[Entries taken from a collection]
--------------------------------
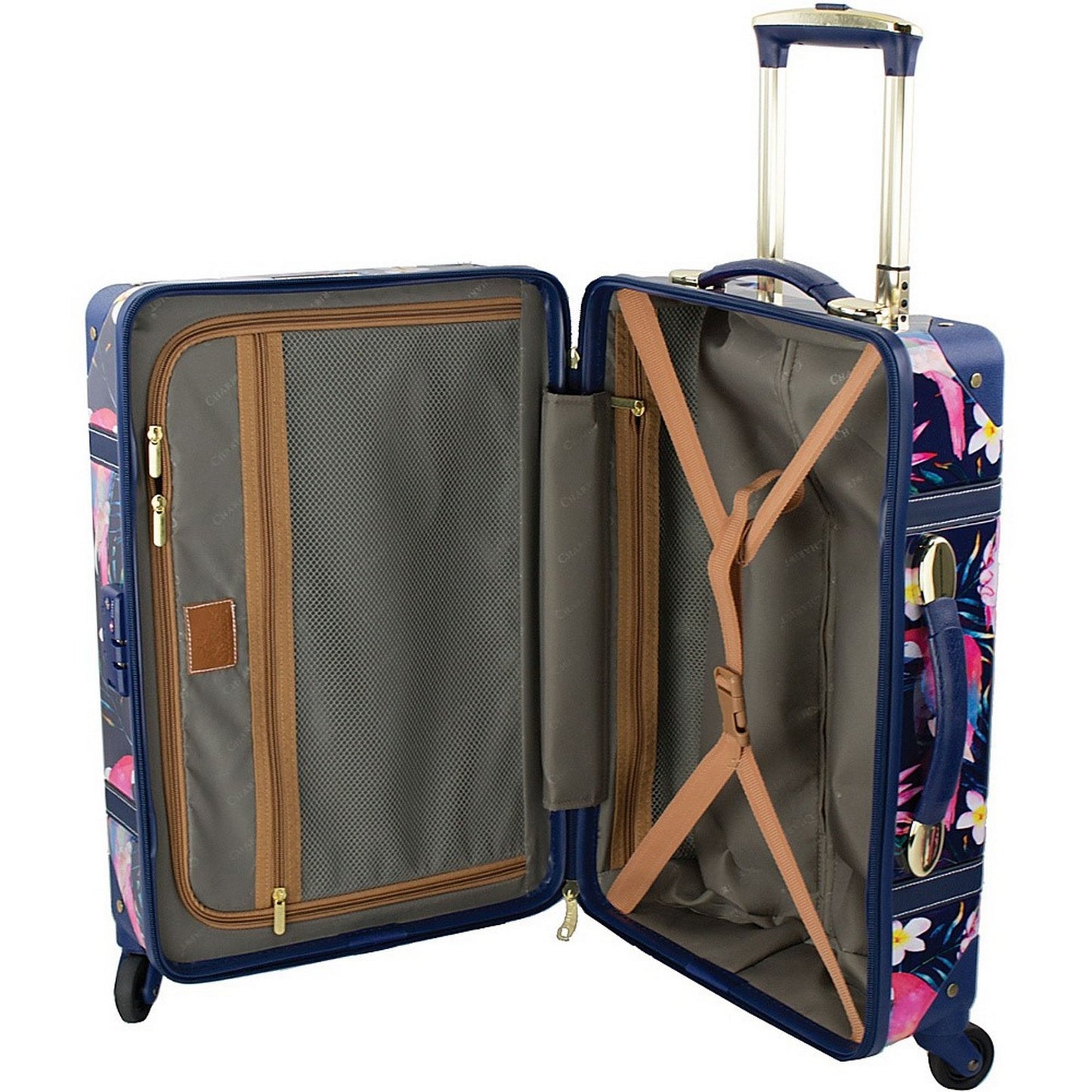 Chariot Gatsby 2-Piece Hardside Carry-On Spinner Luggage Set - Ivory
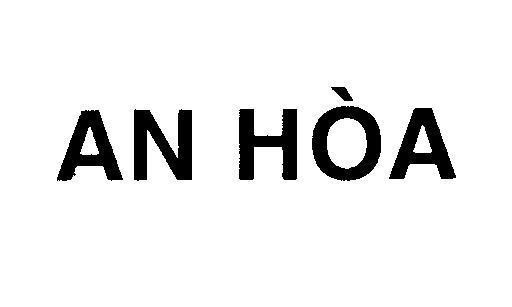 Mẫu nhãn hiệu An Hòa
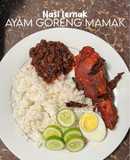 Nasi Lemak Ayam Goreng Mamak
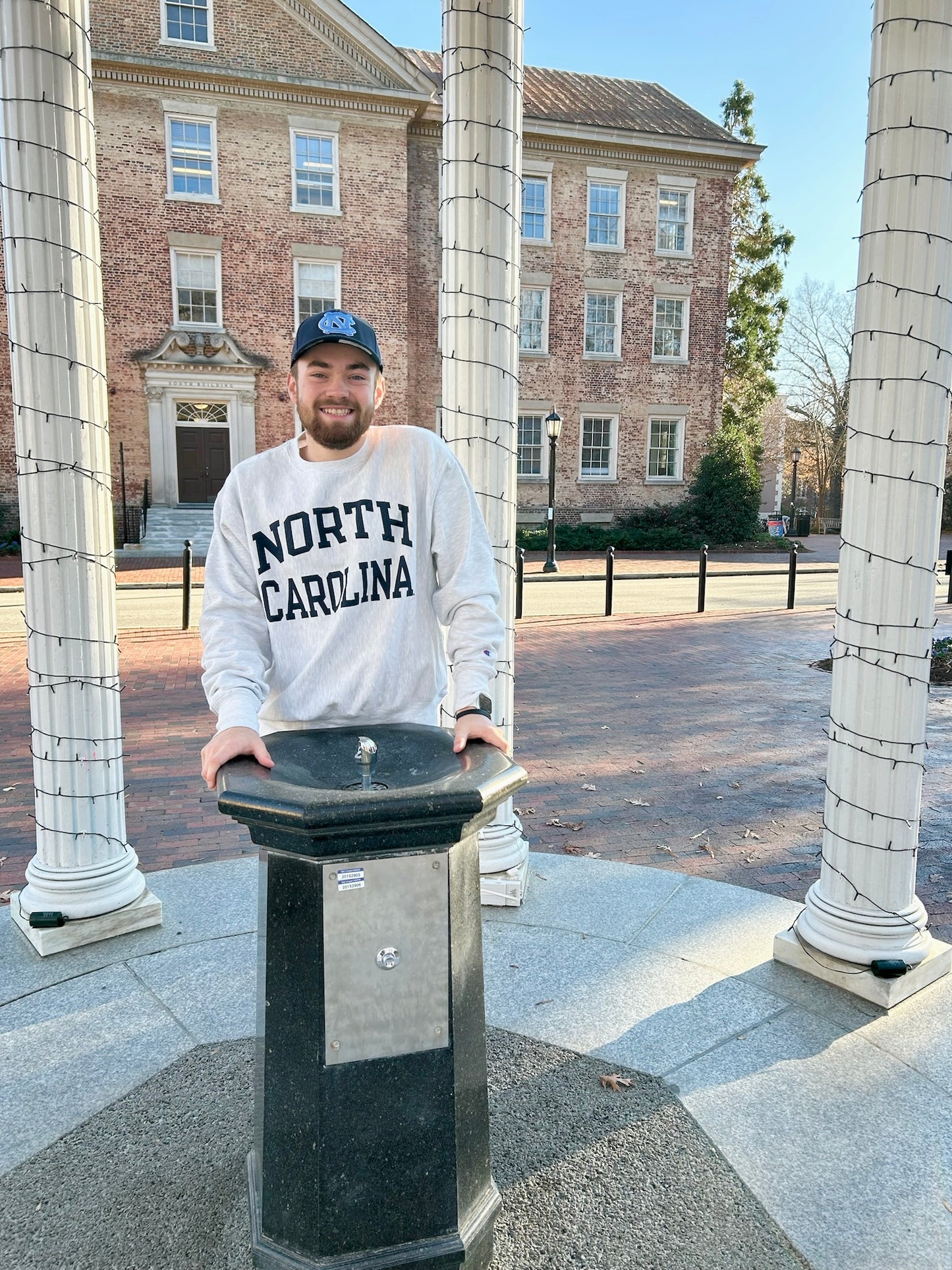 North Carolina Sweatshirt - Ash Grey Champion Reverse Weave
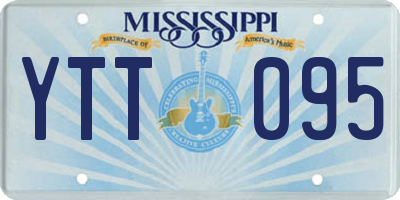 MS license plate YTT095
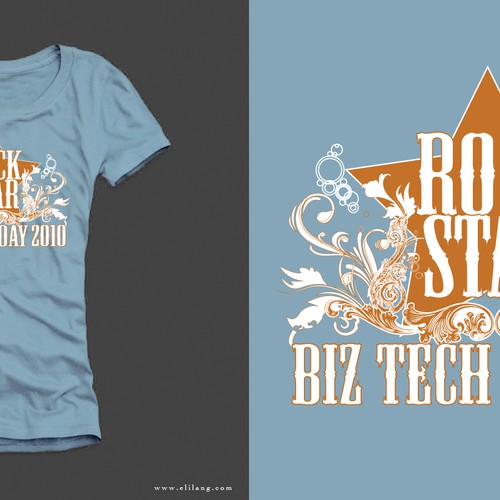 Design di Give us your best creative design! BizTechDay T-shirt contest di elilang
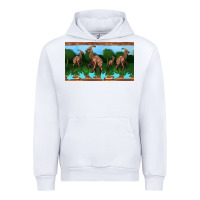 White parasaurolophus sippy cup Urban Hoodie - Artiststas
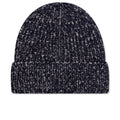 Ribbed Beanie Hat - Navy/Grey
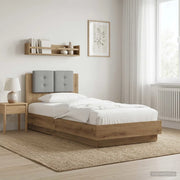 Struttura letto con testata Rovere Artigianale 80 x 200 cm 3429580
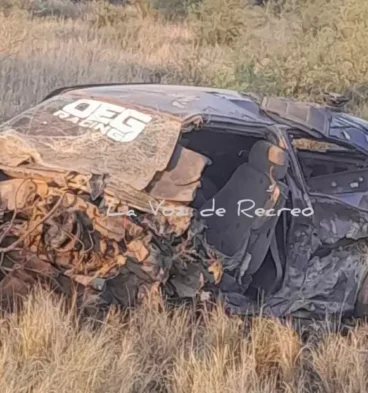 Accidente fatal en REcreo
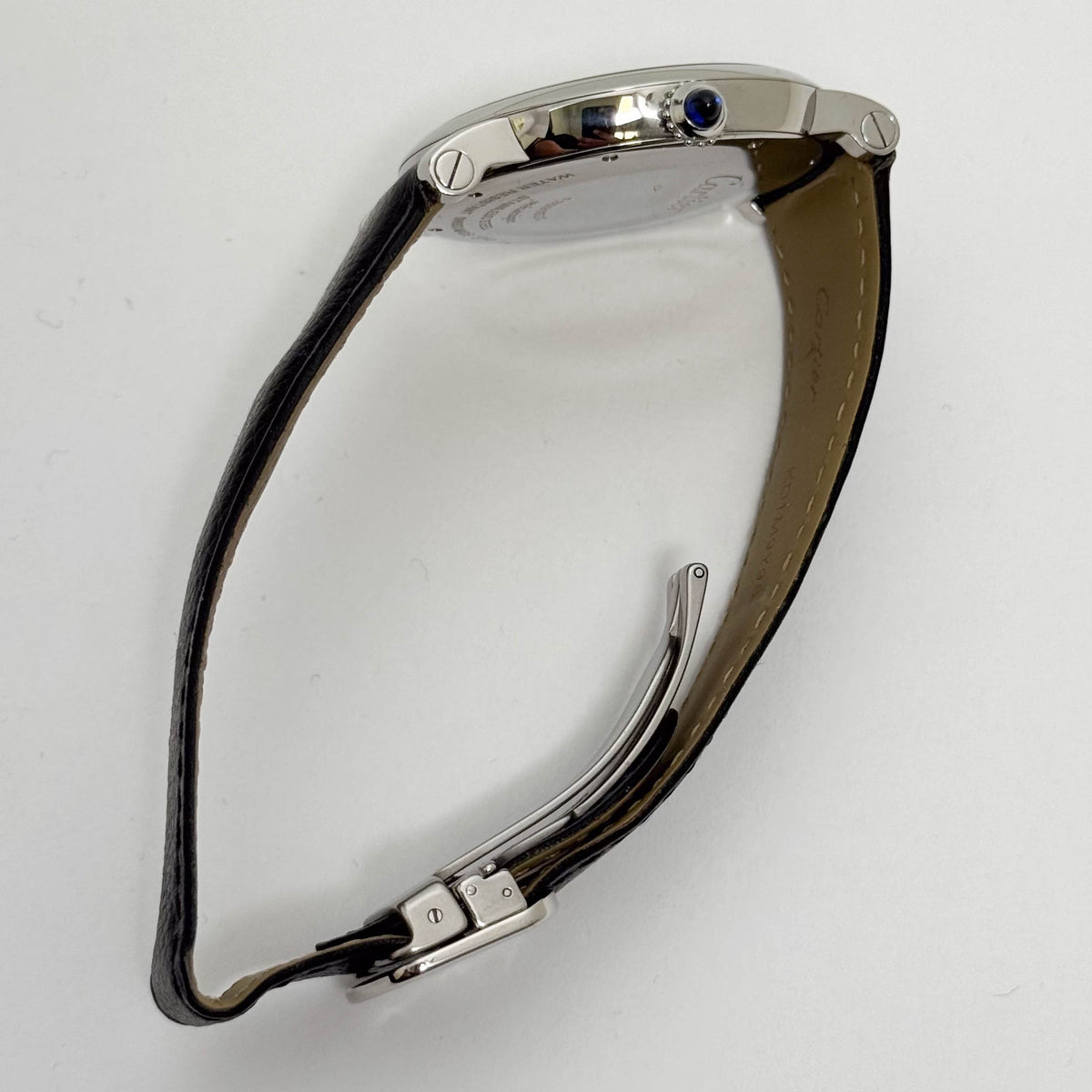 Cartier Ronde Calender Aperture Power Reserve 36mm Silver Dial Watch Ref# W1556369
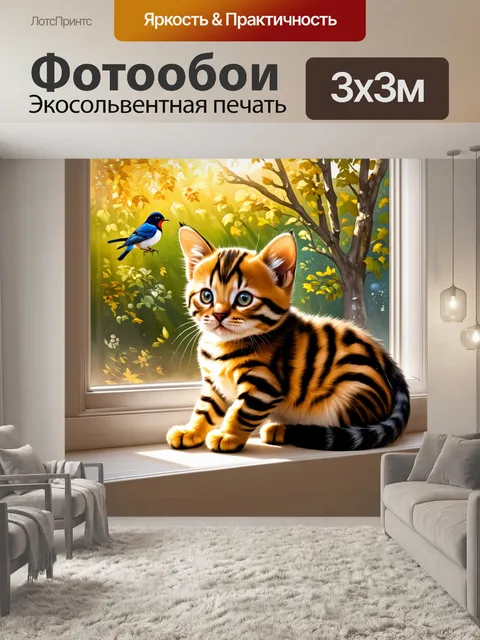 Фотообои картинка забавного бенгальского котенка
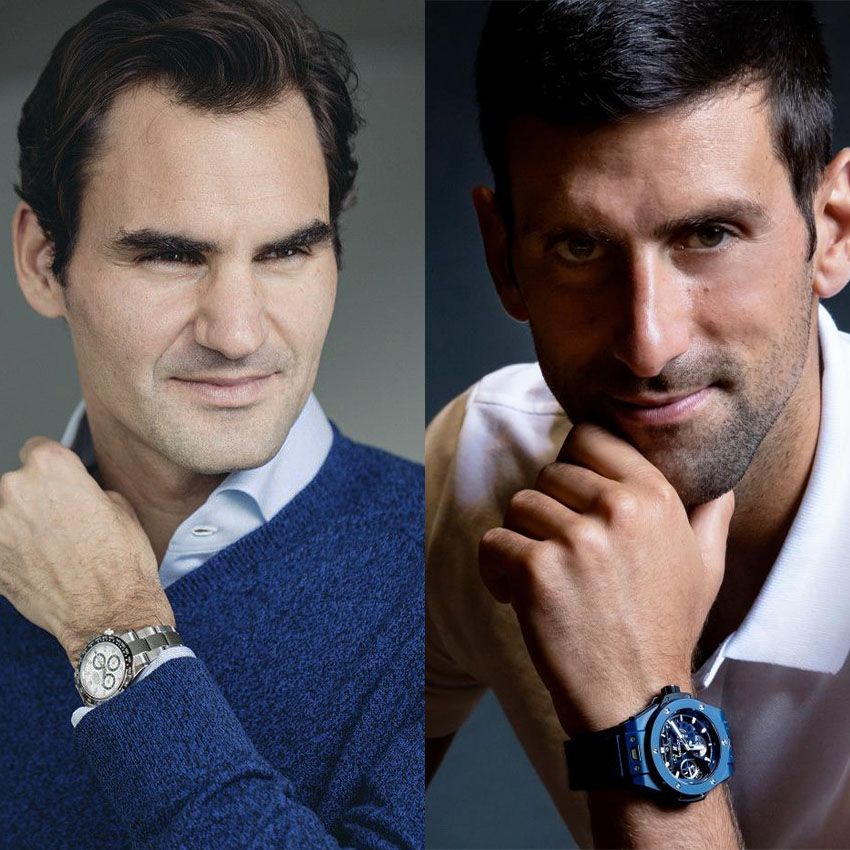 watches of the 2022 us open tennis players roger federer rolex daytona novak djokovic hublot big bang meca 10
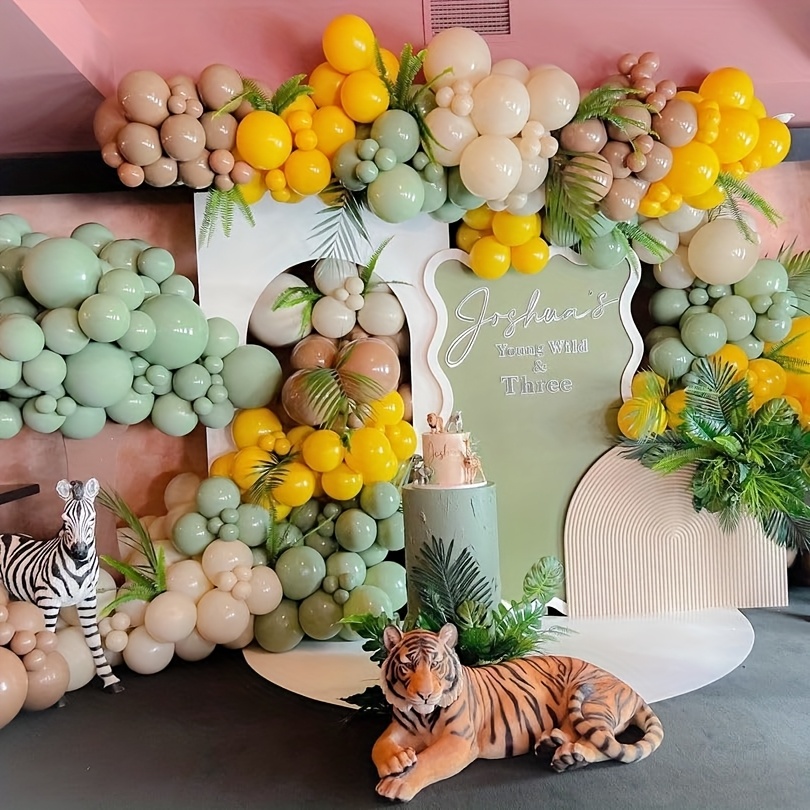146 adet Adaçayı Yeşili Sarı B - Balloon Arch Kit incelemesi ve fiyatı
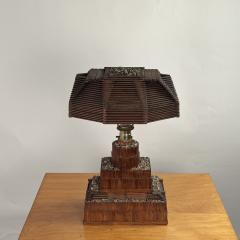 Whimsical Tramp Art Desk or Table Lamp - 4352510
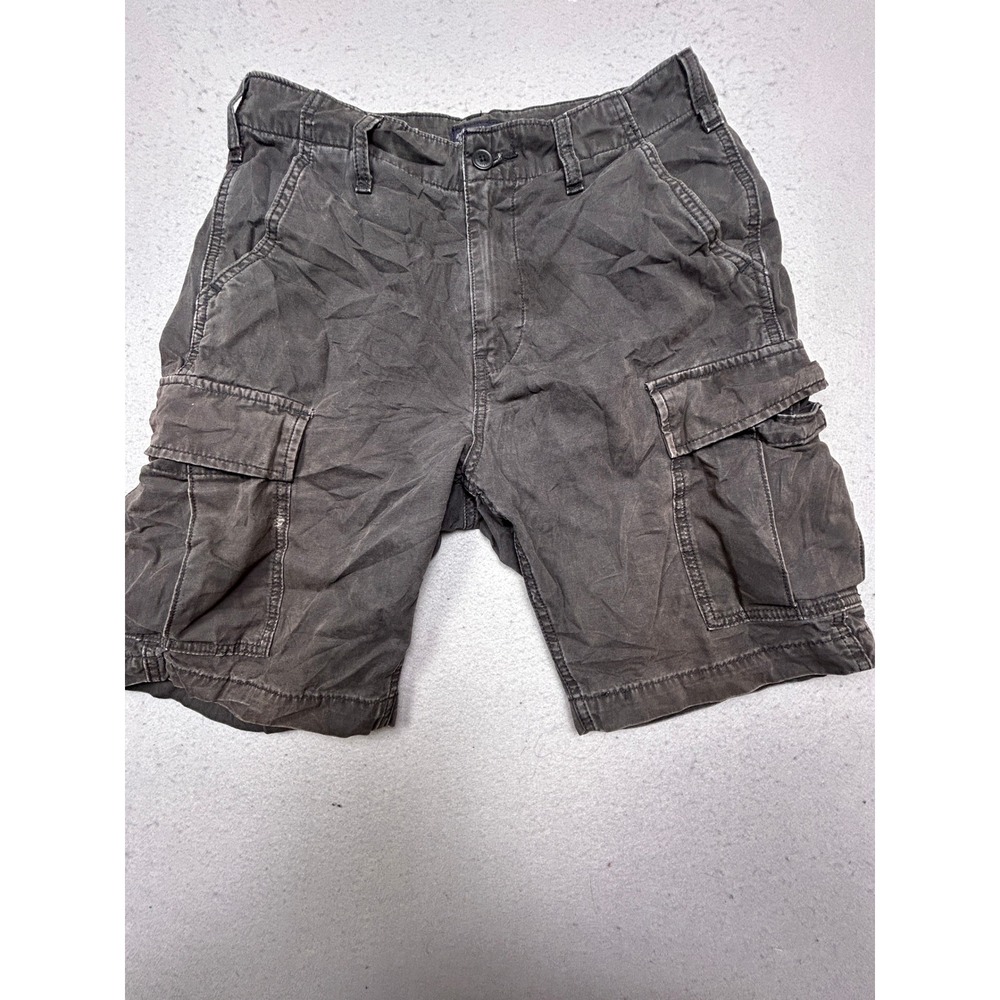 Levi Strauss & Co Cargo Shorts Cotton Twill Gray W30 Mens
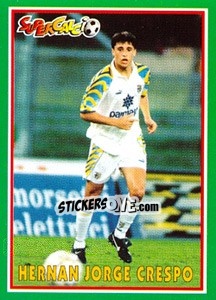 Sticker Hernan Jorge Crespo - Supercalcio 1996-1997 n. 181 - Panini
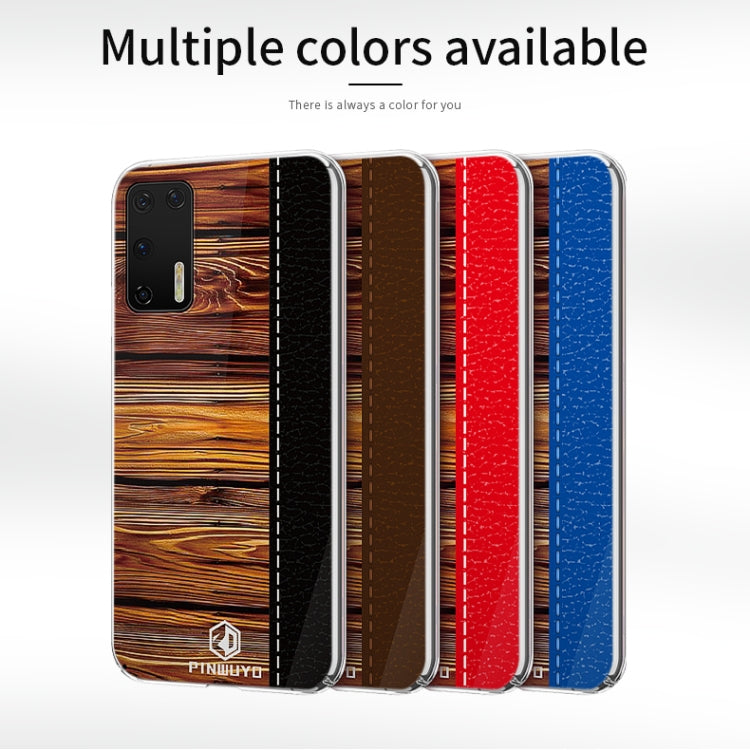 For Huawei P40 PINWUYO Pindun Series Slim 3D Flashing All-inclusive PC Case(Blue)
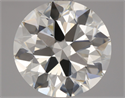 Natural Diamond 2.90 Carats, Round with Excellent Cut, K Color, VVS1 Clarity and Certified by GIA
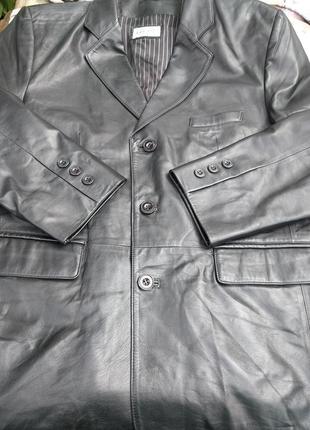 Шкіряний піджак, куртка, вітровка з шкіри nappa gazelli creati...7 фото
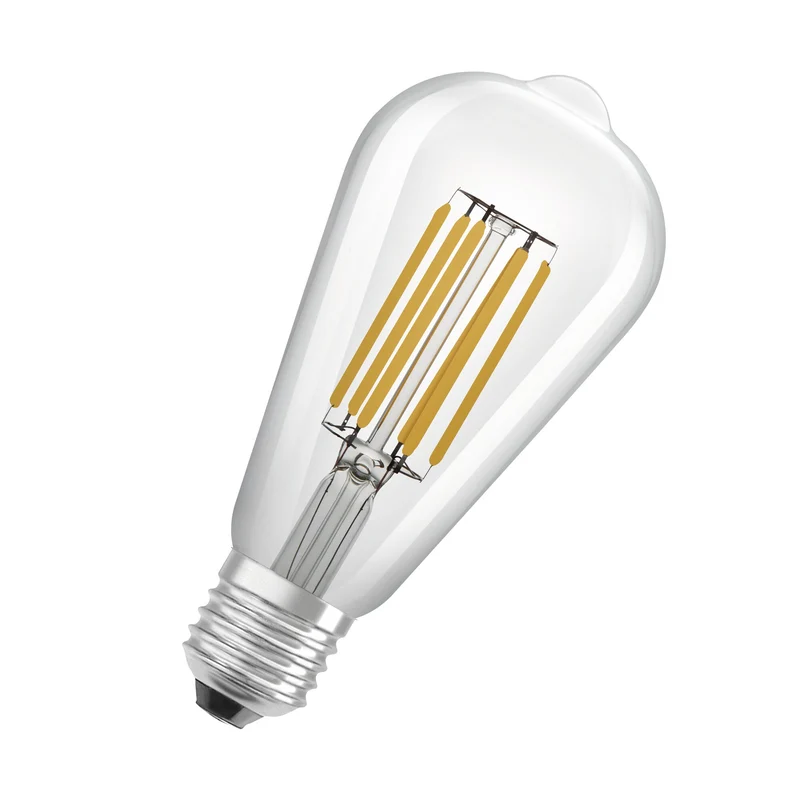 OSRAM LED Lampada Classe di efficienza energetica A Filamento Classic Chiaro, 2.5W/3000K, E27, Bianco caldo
--------------------------------
▶ [Work order]:
What are the lines from the one containing "For Huawei P40" through the end of the records? Write them out exactly, leaving out the pictures.

▶ [Solution for this task]:
 For Huawei P40 PINWUYO Pindun Series Slim 3D Flashing All-inclusive PC Case(Blue)
 Natural Diamond 2.90 Carats, Round with Excellent Cut, K Color, VVS1 Clarity and Certified by GIA
 Шкіряний піджак, куртка, вітровка з шкіри nappa gazelli creati...7 фото
 OSRAM LED Lampada Classe di efficienza energetica A Filamento Classic Chiaro, 2.5W/3000K, E27, Bianco caldo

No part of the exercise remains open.